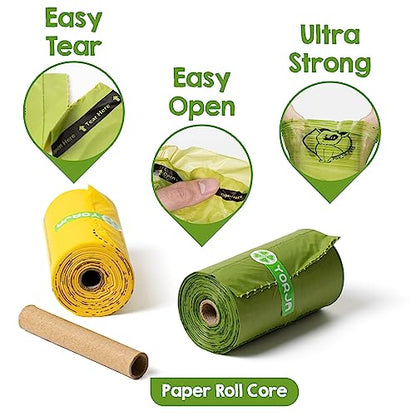 Dog Poop Bags Rolls, 720 Pet Waste Bags, 100% Leak Proof Extra Thick and Strong Corn Starch Blend - size: 1 Count (Pack of 720)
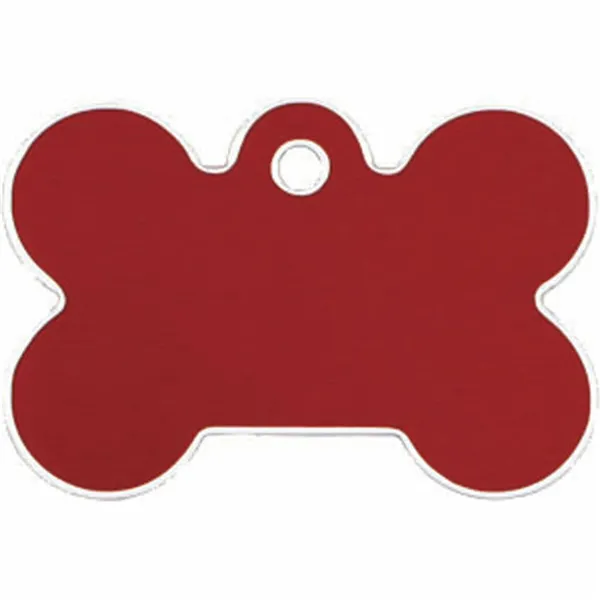 Identification plate for collar Imarc Bone Red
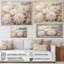 Fleur de chrysanthème beige - imprimé-711293563-711293560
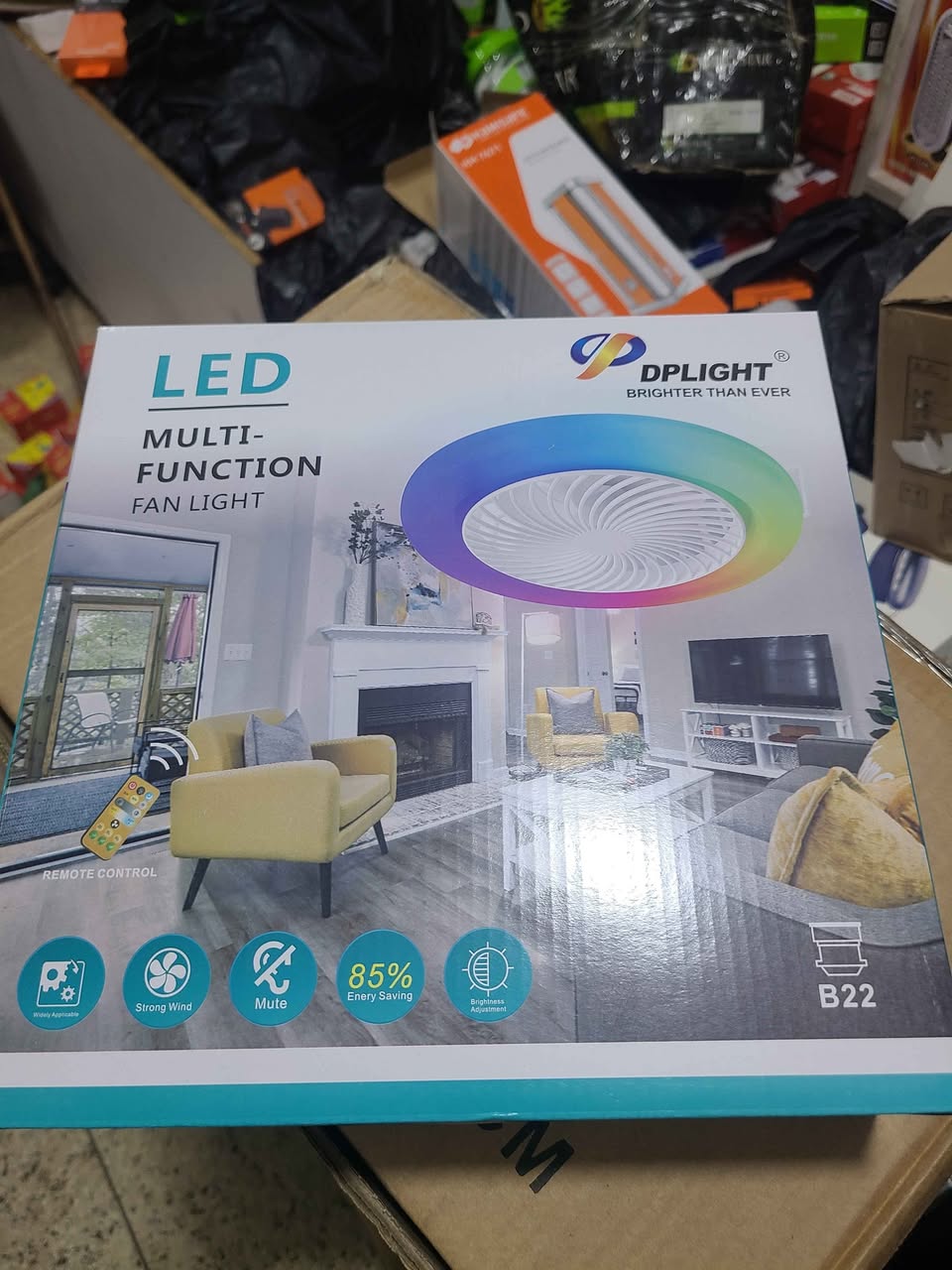 A picture of Chandelier lighting with Ceiling Fan E27 screw and B22 Pin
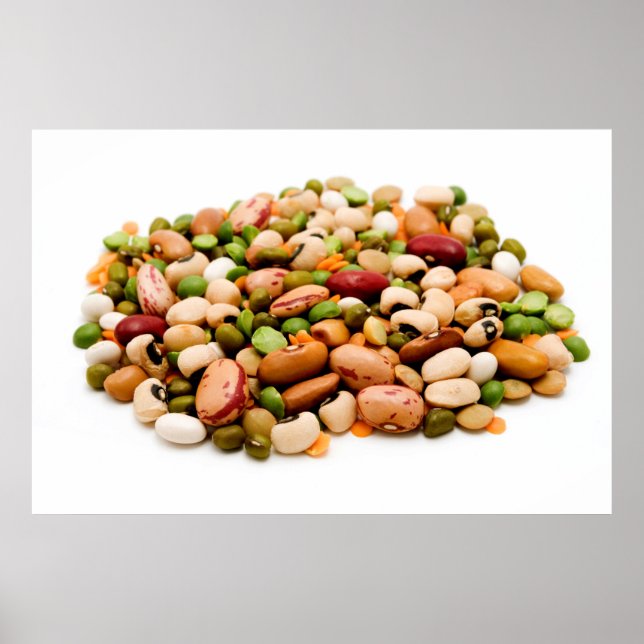 Poster Légumes et céréales séchés (Devant)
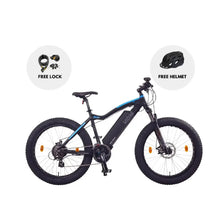 Load image into Gallery viewer, NCM Aspen Plus Fat Tyre Electric Bike, E-Bike, 48V 16Ah 250W, Electric Mountain Bike 768Wh Battery [Black 26&quot;]
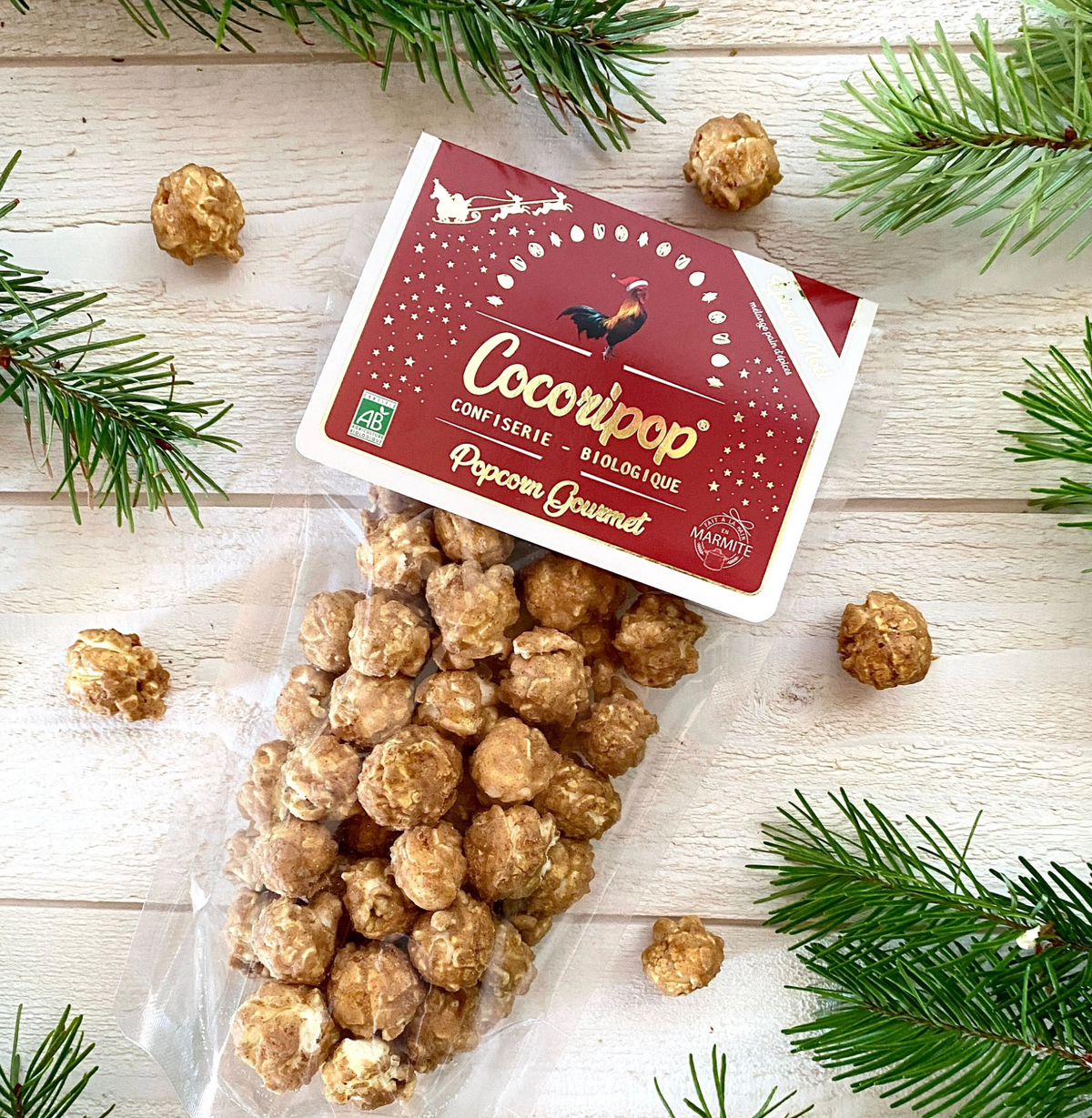 Pop corn de Noël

----------

PROBLEM: An exact reproduction of the lines from the line containing "A picture of" through the end of the listing above is needed; pictures stay out.

RESPONSE TO THIS TASK:
 A picture of Chandelier lighting with Ceiling Fan E27 screw and B22 Pin
 Poster Légumes et céréales séchés (Devant)
 Load image into Gallery viewer, NCM Aspen Plus Fat Tyre Electric Bike, E-Bike, 48V 16Ah 250W, Electric Mountain Bike 768Wh Battery [Black 26&quot;]
 Pop corn de Noël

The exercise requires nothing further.